By Roger Tagholm
LONDON: Back in 2009 we first profiled the Book Depository, a UK-based online bookseller, about their global ambitions. So, some 18 months later, how did the Book Depository – still not a household name when it comes to bookselling –- achieve a rise in sales of more than 70% for the half year to December 2010? “If you blog it, they will come.” A paraphrase of the famous line from Field of Dreams goes some way to explain this happy situation.
“We do very well with bloggers,” says Book Depository MD Kieron Smith. “There are lots of very good book blogs out there. We don’t seem to have go and find them – they come to us and many of them now take stock feeds from us for particular subjects. They’re part of our affiliates programme, so they get a commission on sales which they’re very upfront about with their readers. We haven’t spent anything at all on above-the-line advertising, and the amount we spend on Google adwords is tiny. The Net has knocked down the old advertising barriers – it’s all about relationships now.”

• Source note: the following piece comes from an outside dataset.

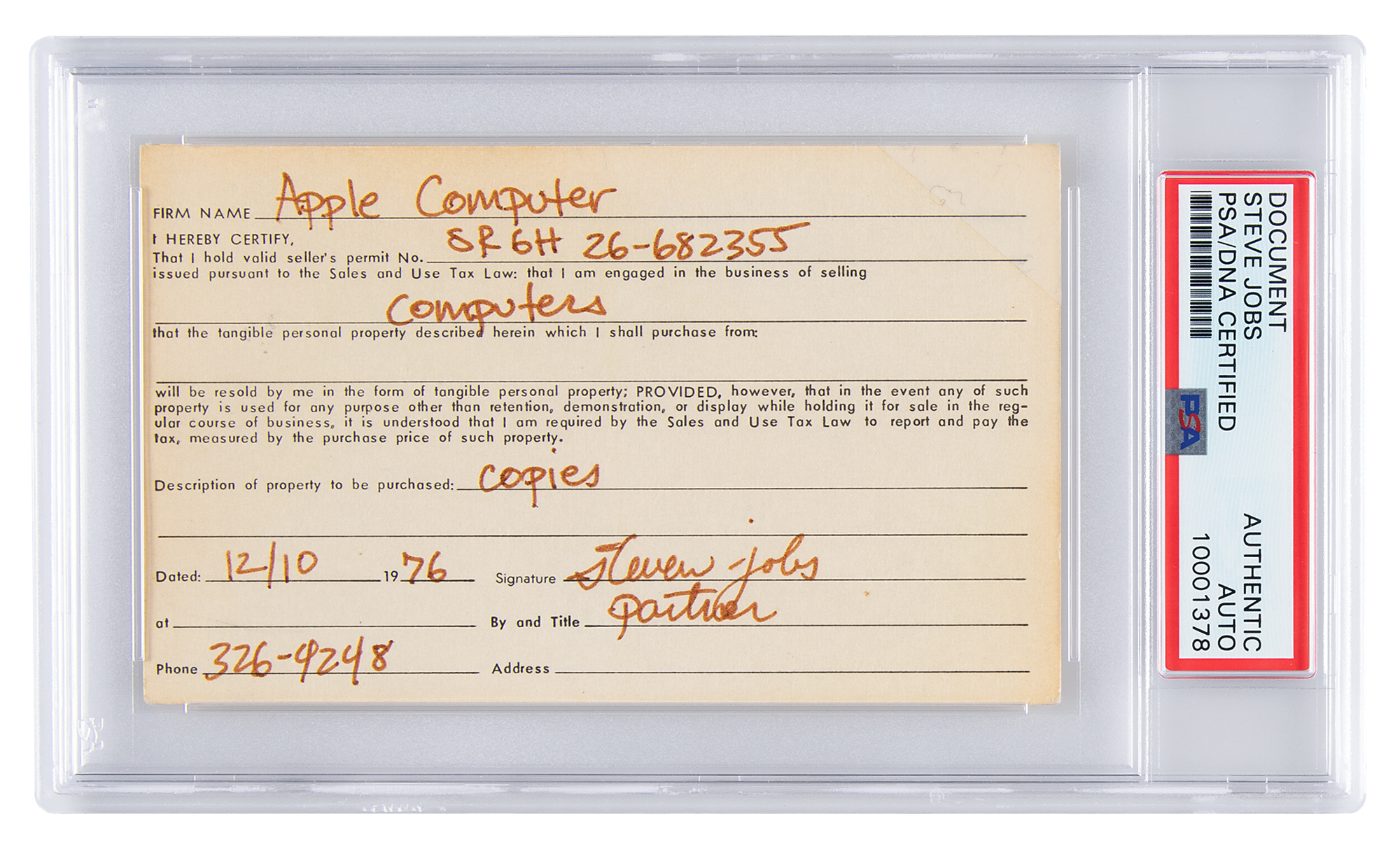 Lot #5009 Steve Jobs 1976 Document Signed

But of course the viral power of the Net to spread the word only works if the company in question can deliver – and here the Book Depository clearly scores. “We make a huge amount of the fact that we have 6.2 million titles that can be dispatched within 48 hours,” says Smith. “Nobody else has that range, and we offer free postage too. Our vision is to make as many titles as possible available to as many people as possible. We’re now trading with 101 countries [you can track sales as they happen globally on a map on their website]. Eastern Europe has grown seriously, for example, and we do well in Singapore where there is an ex-pat community. We find that word gradually spreads into the local population.”
It’s worth noting too that, unlike Amazon, the Book Depository is exclusively books. Has Amazon damaged its brand by selling too much?
Smith is clearly delighted by the Book Depository’s growth -– and deserves to be. He has more than paid his dues, having worked in the UK book trade for nearly 20 years at companies ranging from WHSmith and Book Club Associates, to Ottakar’s and Waterstone’s. He helped set up the social networking site BookRabbit only to see its chief investor disappear almost immediately. “Fortunately, most of the team came with me to the Book Depository and now it’s great to be in a business that’s growing. It’s good to be selling more books -– that’s what I joined this industry to do.”